[[ Given information open ]]

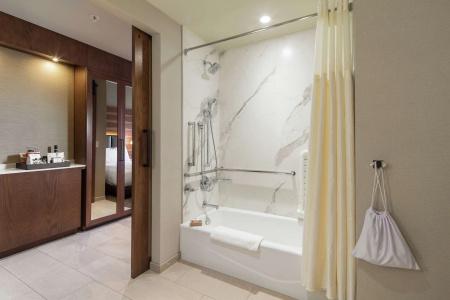 The Porter Portland, Curio Collection By Hilton - 10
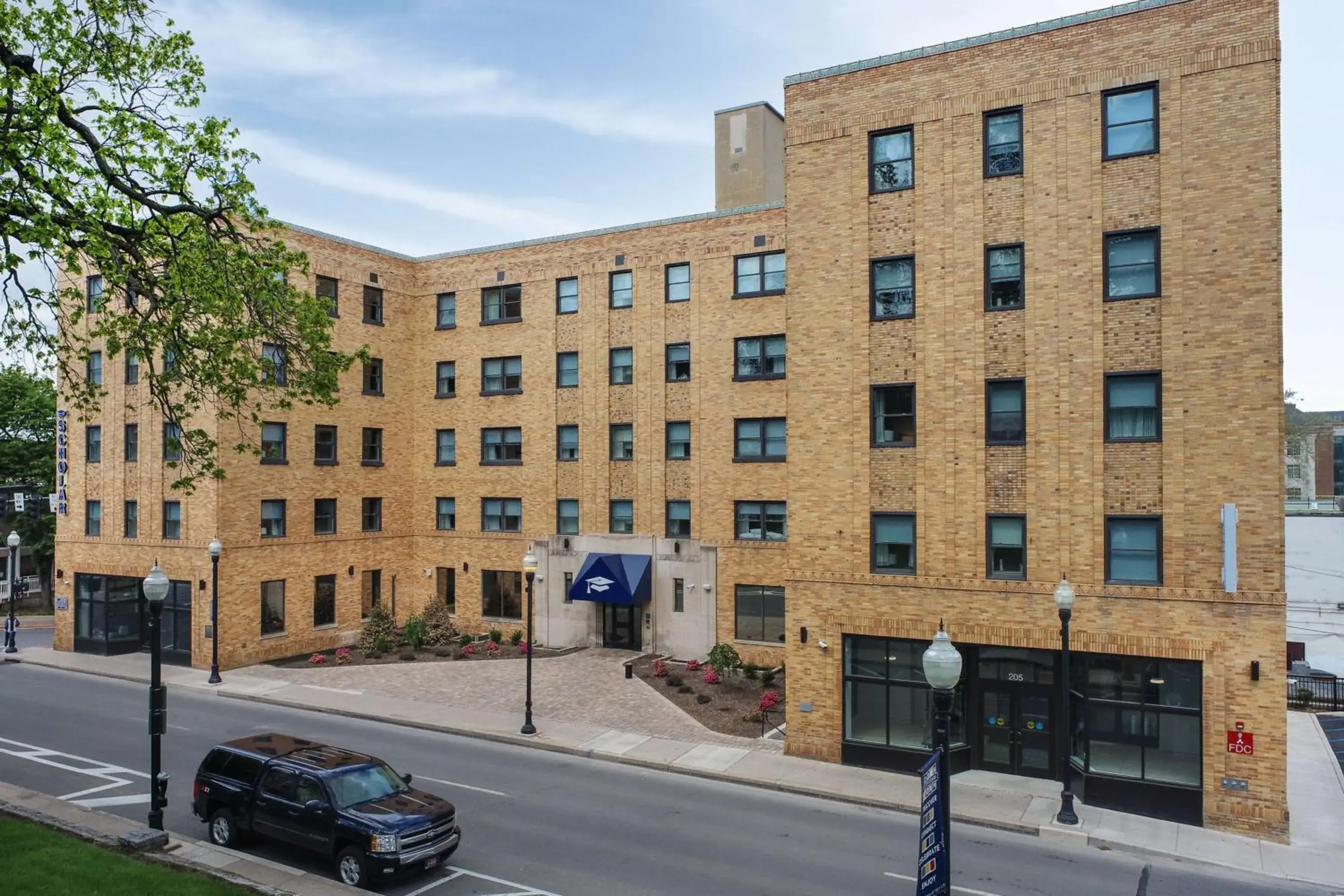 Property building in Scholar State College, Tapestry Collection by Hilton Property building in Scholar State College, Tapestry Collection by Hilton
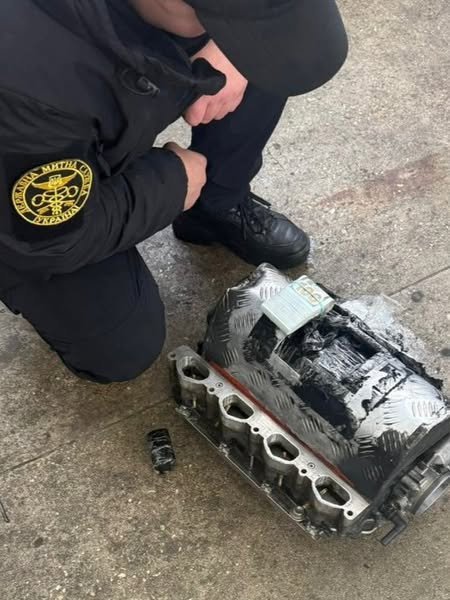 На пункті "Порубне - Сірет" жінка намагалась вивезти 970 тисяч доларів у тайнику авто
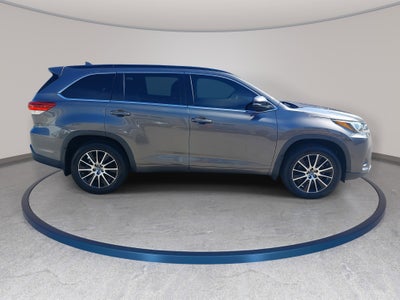 2018 Toyota Highlander SE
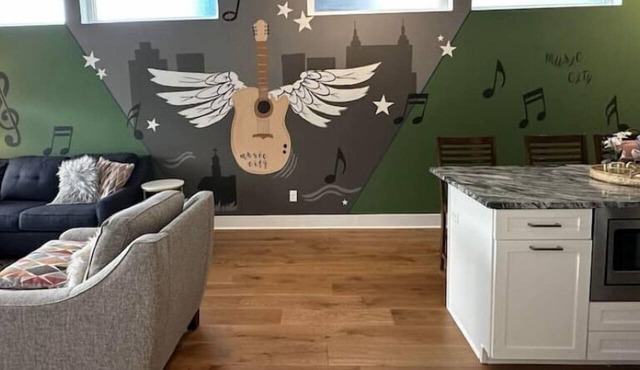 3Bed-3BA Luxury-Rooftop Deck-No Steps-WIFI-King Bed-Ensuite Baths-5 mins to Opry
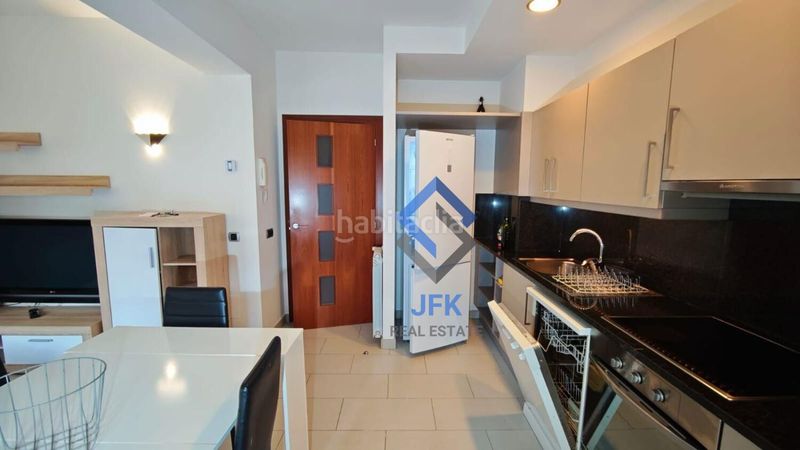 Foto 2e81cbdb-0ff5-4b43-ac0d-bf41d0e5996d. Rent flat with heating parking in Canillo Canillo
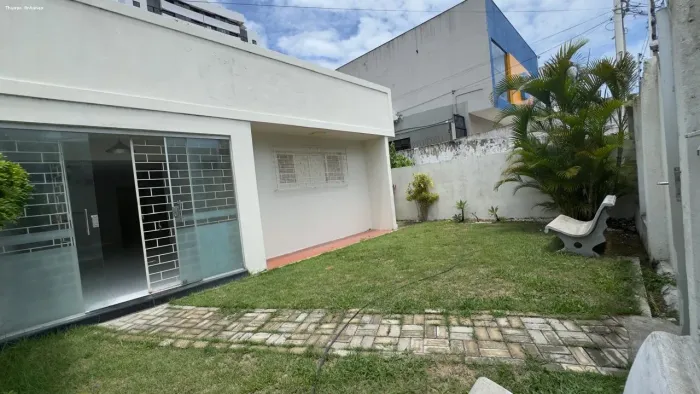 Ponto Comercial para Locação em Natal, Lagoa Nova, 3 banheiros
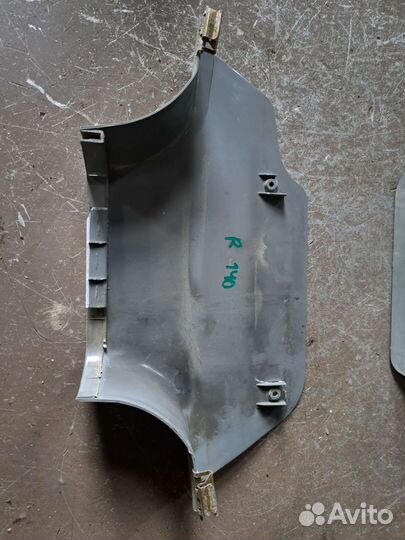 Накладка стойки Mercedes W140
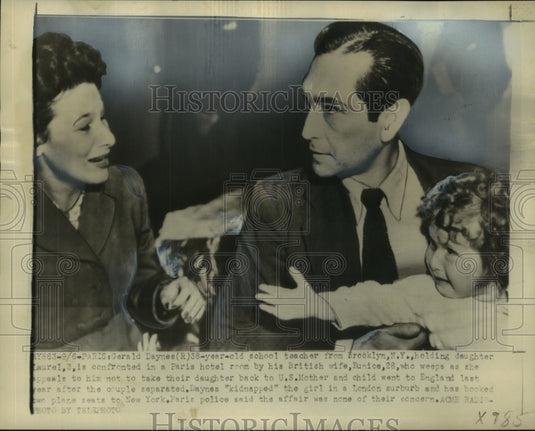 1950 Press Photo Gerald Daynes carrying daughter Laurel as wife Eunice begs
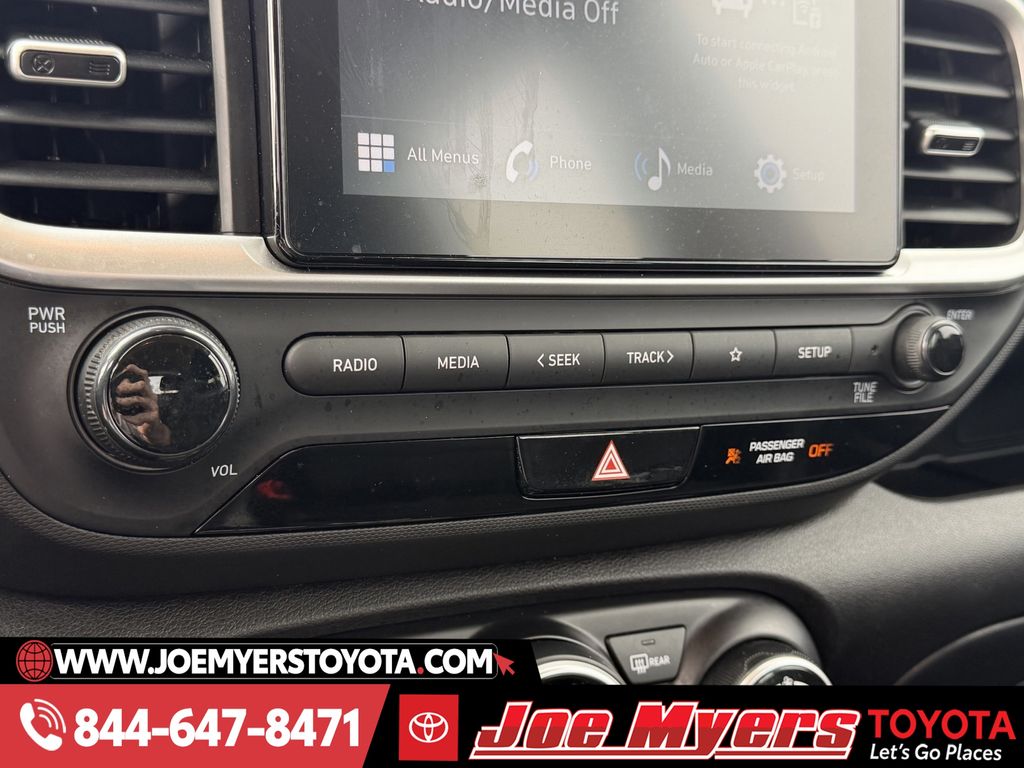 Used 2025 Ultimate Red Hyundai SEL image 19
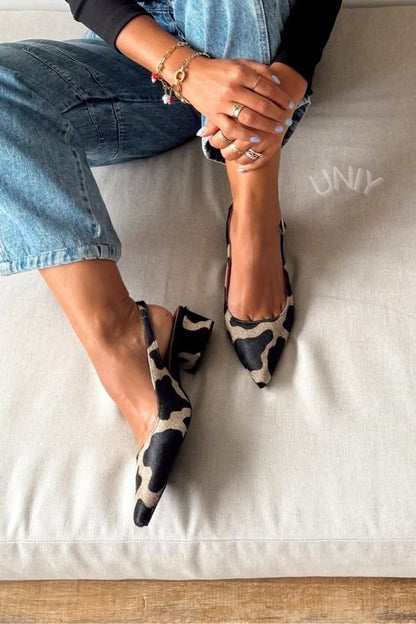 talons larges classiques slingback à bout effilé et imprimé vache.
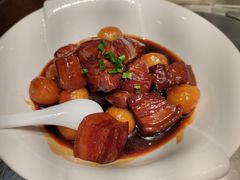 小土豆红烧肉-聚友居酒楼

[[ Given information closed ]]

* Exercise requirements *
Each line above starting at the one holding "Foto 2e81cbdb-0ff5-4b43-ac0d-bf41d0e5996d. Rent" and ending at the one holding "Used 2025 Ultimate Red Hyundai SEL image 19" should be set down exactly as it stands, both ends included, with no pictures.

* Answer to this task *
 Foto 2e81cbdb-0ff5-4b43-ac0d-bf41d0e5996d. Rent flat with heating parking in Canillo Canillo
 Ponto Comercial para Locação em Natal, Lagoa Nova, 3 banheiros
 Накладка стойки Mercedes W140
 1950 Press Photo Gerald Daynes carrying daughter Laurel as wife Eunice begs
 Used 2025 Ultimate Red Hyundai SEL image 19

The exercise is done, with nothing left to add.